“Resonating the Fragmented Body: Sound Design in New Media” presented by Lerner
Symposium:
- ISEA97: Eighth International Symposium on Electronic Art
- More presentations from ISEA97:
Session Title:
- Aesthetics of Electro-acoustic and Digital Media
Presentation Title:
- Resonating the Fragmented Body: Sound Design in New Media
Presenter(s):
Abstract:
Sound the way we listen is subject to so many filtrations. As I speak to you now, you may be focusing on the content of what I am saying. The words. But also, you are contextualizing those words within a host of other signifiers in the intonation of my voice, the space of the electro-acoustic apparatus and the room itself… all of which conforms to what you have come to expect from a conference hall. It is this material conjunction between meaning or content and the productive context that I would like to explore in this paper, in relation to new media production as it pertains to sound design in particular. We keep hearing about content as though it is something that can just be poured into the awaiting technological vessel. The question of content to my ear however, also begs the question of the container This split is just another manifestation of an old divide: hardware/software, technology/creativity etc. Sound, as a resonance of matter in space tends to resist this division between content and container. If I put the sound of my voice into this glass – it becomes a different sound. Digital audio storage and manipulation and the advent of desktop audio production have opened the way for a convergence in the sites of media production and of the formats of distribution – but on the whole, at least as far as audio production is concerned, this has not led to convergent forms of practice.
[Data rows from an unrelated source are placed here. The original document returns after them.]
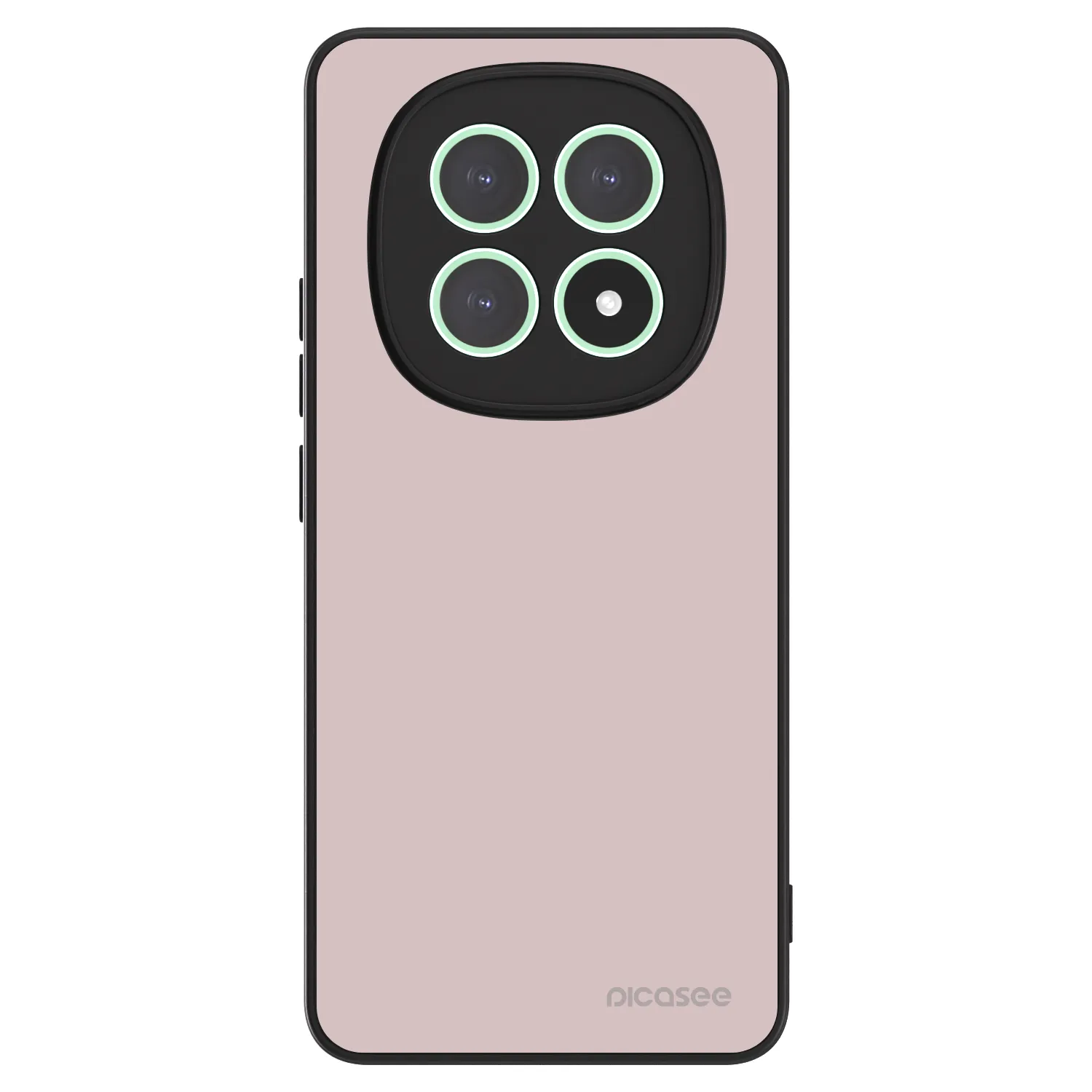 Picasee ULTIMATE CASE für Xiaomi Redmi Note 15 - Fantasy Fade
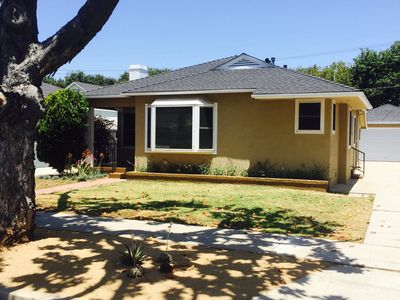 4036 Sawtelle Blvd, Los Angeles, CA, 90066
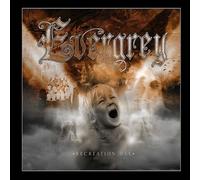Recreation Day by Evergrey [Music CD]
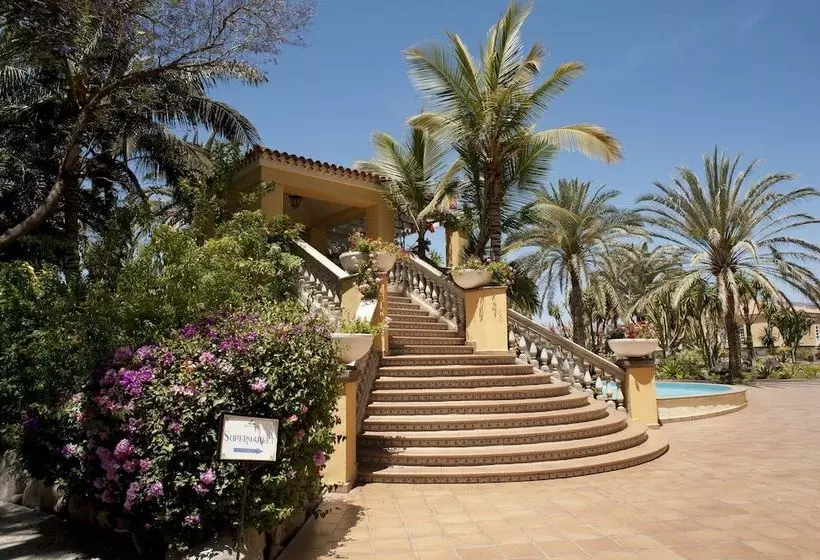 Palm Oasis Maspalomas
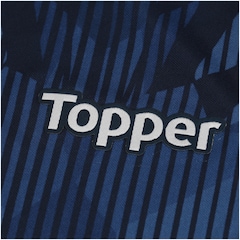 Camisa do Remo Aquecimento 2018 Topper - Masculina - Foto 4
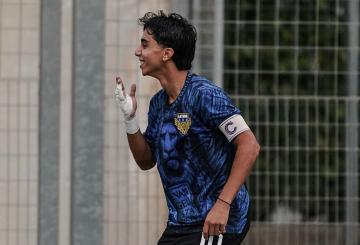 Tripletta Metawie: il faraone salva il Latina. Guidonia a mani vuote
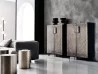 La madia Tudor di Cattelan Italia in una zona living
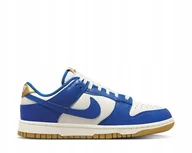 Buty sportowe damskie - Buty damskie Nike Dunk Low FB7173-141 r 40 - miniaturka - grafika 1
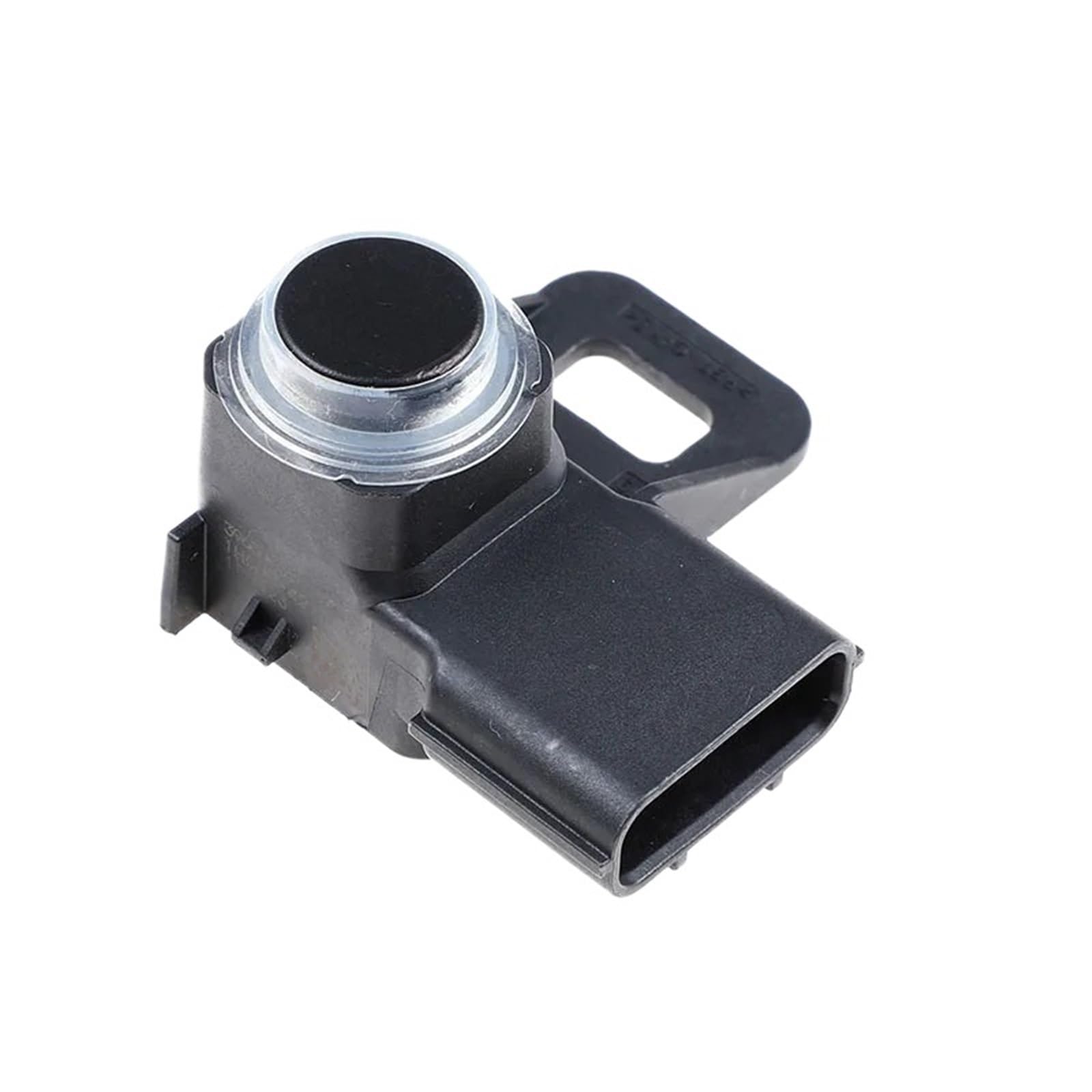 Sensori di parcheggio retromarcia 39680-TEX-Y412-M1 Sensori radar di assistenza al parcheggio a 6 pin Parktronic PDC per Honda Civic parti(Black)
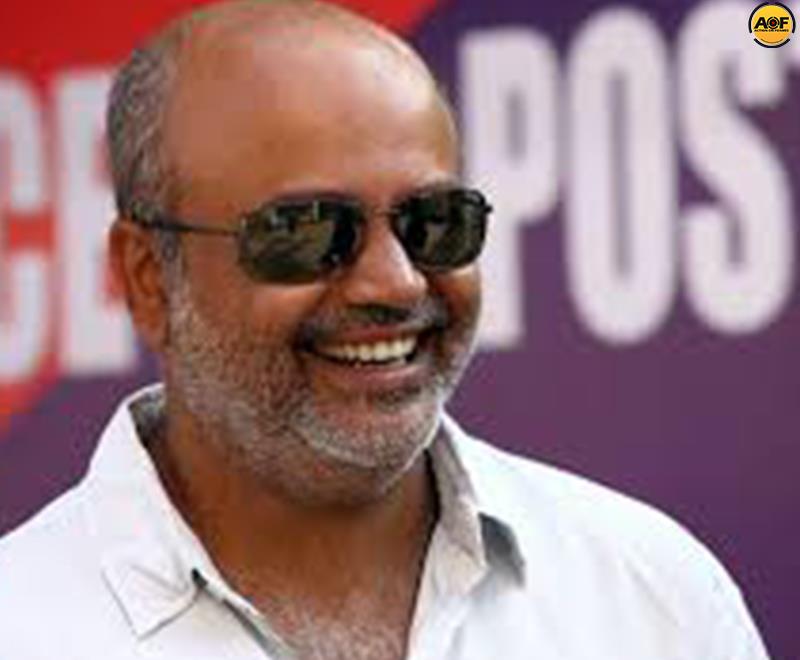 Madhu Neelakandan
Whilst it is commonly acknowledged that sound plays a crucial role in multimedia design it has received relatively little discussion in the plethora of books and articles in magazines etc. that have been spewed forth to show us ”How To“. I would like to examine some of the practices currently employed in new media for both sound design and the conceptual production of which it is part, and raise some questions about the baggage those practices carry as well as the baggage that we are dealing with in bringing sound to the screen at all.